* TASK TO CARRY OUT
A faithful copy of all the records is needed, with the pictures omitted.

========================================

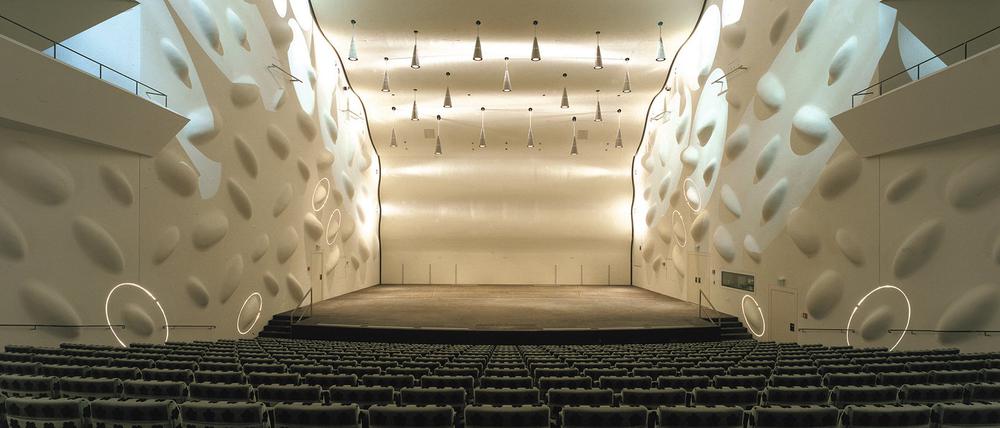 Im Nikolaisaal gibt es ab 19 Uhr Weihnachtslieder zum Mitsingen.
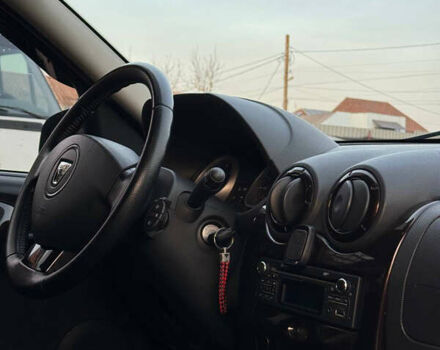 Черный Дачия Duster, объемом двигателя 1.5 л и пробегом 173 тыс. км за 8999 $, фото 7 на Automoto.ua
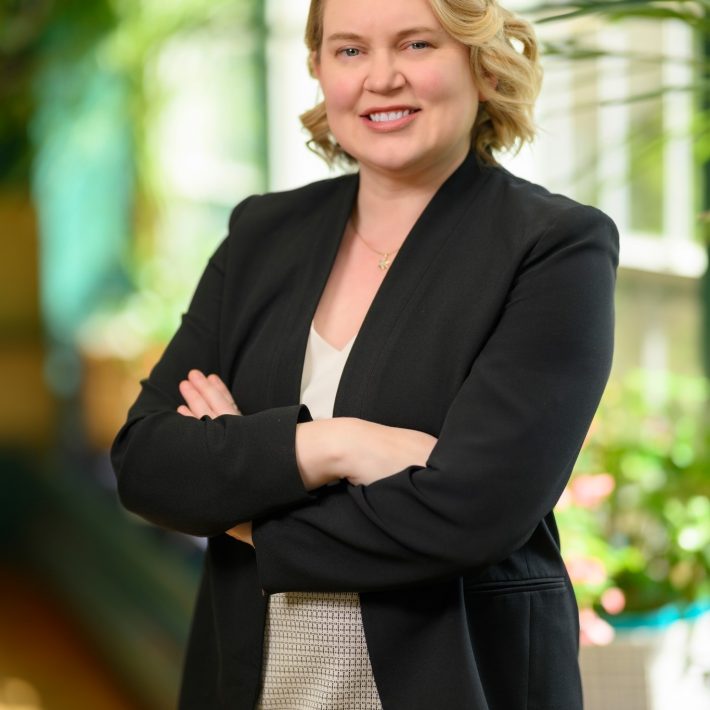 Photo of Melanie Ross Levin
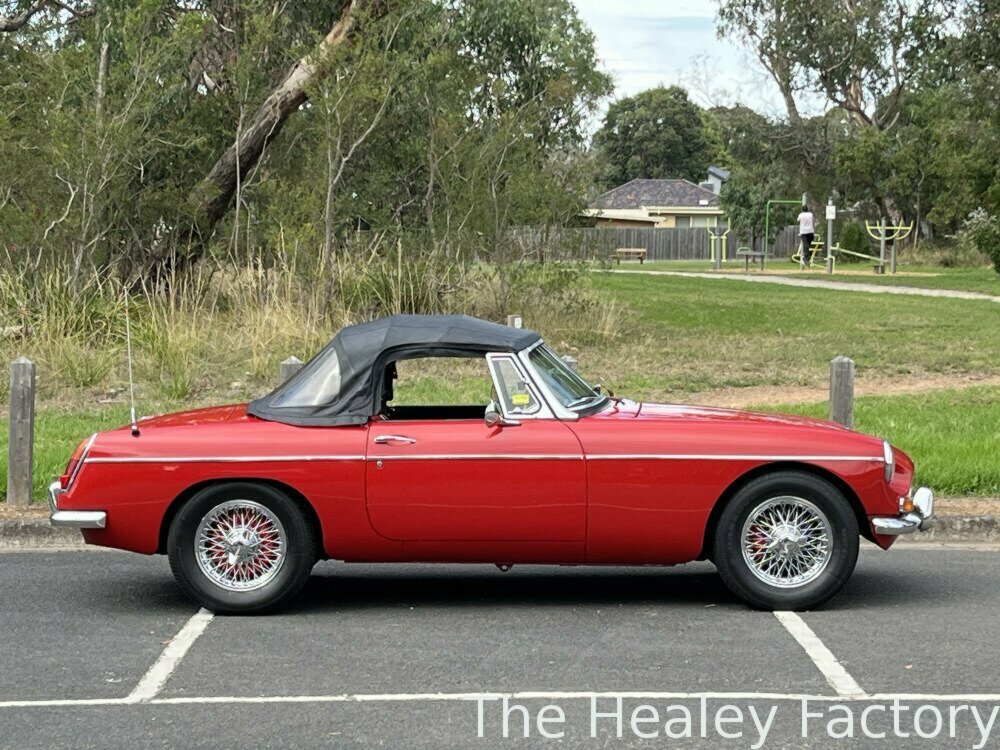 1968 MG MGB SPORTS MK II 4 SP MAN + OVERDRIVE 2D ROADSTER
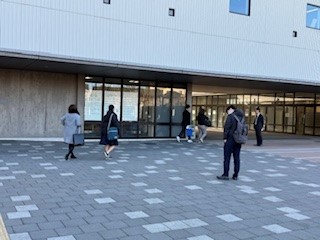 ②
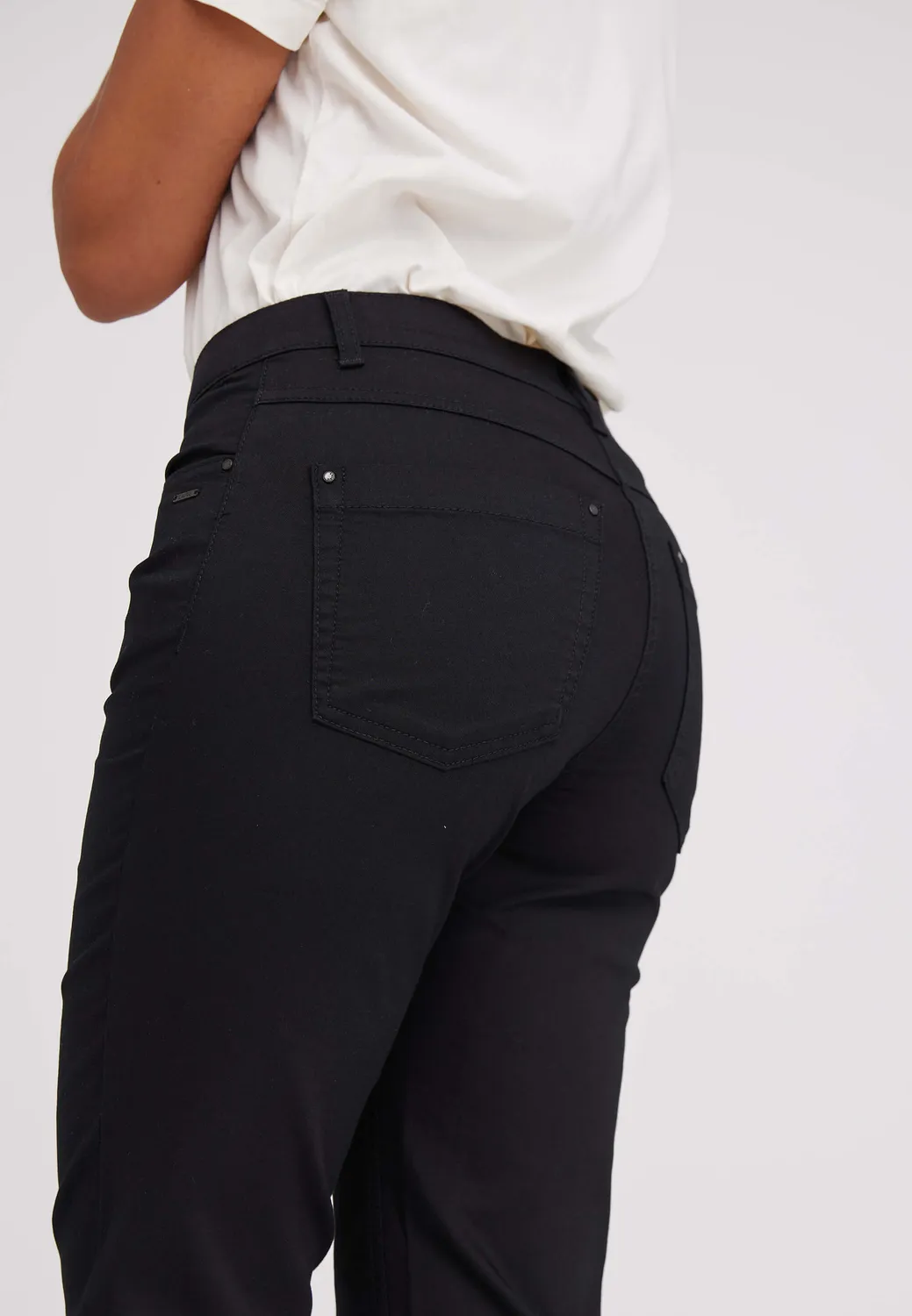 Laurie Amelia Straight ML broek zwart katoenmix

========================================

* ANSWER SECTION
 Im Nikolaisaal gibt es ab 19 Uhr Weihnachtslieder zum Mitsingen.
 Черный Дачия Duster, объемом двигателя 1.5 л и пробегом 173 тыс. км за 8999 $, фото 7 на Automoto.ua
 Photo of Melanie Ross Levin
 1968 MG MGB SPORTS MK II 4 SP MAN + OVERDRIVE 2D ROADSTER
 ②
 Laurie Amelia Straight ML broek zwart katoenmix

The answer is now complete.